So I think that it was important that you got a formulation that allowed a communique to be agreed upon by all G20 members in attendance, by the way, including Russia, which was represented by foreign minister Sergei Lavrov. But it was also important under India’s presidency of the G20, that the description of Russia, Ukraine came in the context of something that has the sensibilities of the global south and isn’t Russia, Ukraine dominates the headlines all year long because that’s not the way any of the global south actually feels.

Preet Bharara:

It occurs to me to ask you this question as we talk about India and Russia and China, the United States and the complicated sort of chess game or dance that unfolds between and among those countries. Where does Pakistan fall into that whole dynamic as either an ally or an adversary of the United States, and certainly as an adversary to India, particularly with respect to how everyone deals with Russia? Does that question make sense?

Ian Bremmer:

Yeah. It has become a subsidiary problem to the China problem. Pakistan, of course, used to have a much closer relationship with the United States. Pakistan is now overwhelmingly supported economically by China and is much more tightly aligned strategically with China. India’s relationship with China, as I mentioned, is deeply broken and confrontational. And India sees Pakistan as a component of that problem. There is obviously a direct India-Pakistan dynamic that plays out in terms of Muslim extremism and territorial disputes and water disputes.
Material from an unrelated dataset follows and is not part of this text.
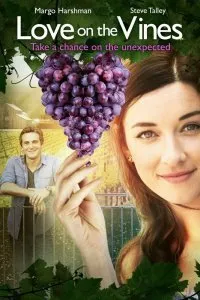 Постер к фильму "Любовь на винограднике"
But the biggest reality is the context of the China relationship.

Preet Bharara:

I feel like as I was growing up and being from India and living in the United States and wanting the country of my birth and the country that gave me everything else to be allies and friends with each other, but then Pakistan was friendly to the United States. It was largely about the Russian equation. Is that just kind of out of the picture?

Ian Bremmer:

It’s really out of the picture. I mean, India, of course, historically had a very strong defense relationship with the Soviet Union, and that continued when the Soviet Union collapsed with Russia. That relationship has degraded dramatically in the last two years of the Ukraine war, in part because India is developing a closer strategic relationship with the United States. That is including strong defense agreements, including willingness to allow the Indians to produce fairly advanced componentry for military capabilities with the United States. So that’s a big win for them. But in part because Russian military technology, which was never very good, and their MiGs are colloquially referred to as flying coffins in the Indian press because there’ve been so many crashes and malfunctions of Indian pilots on training missions.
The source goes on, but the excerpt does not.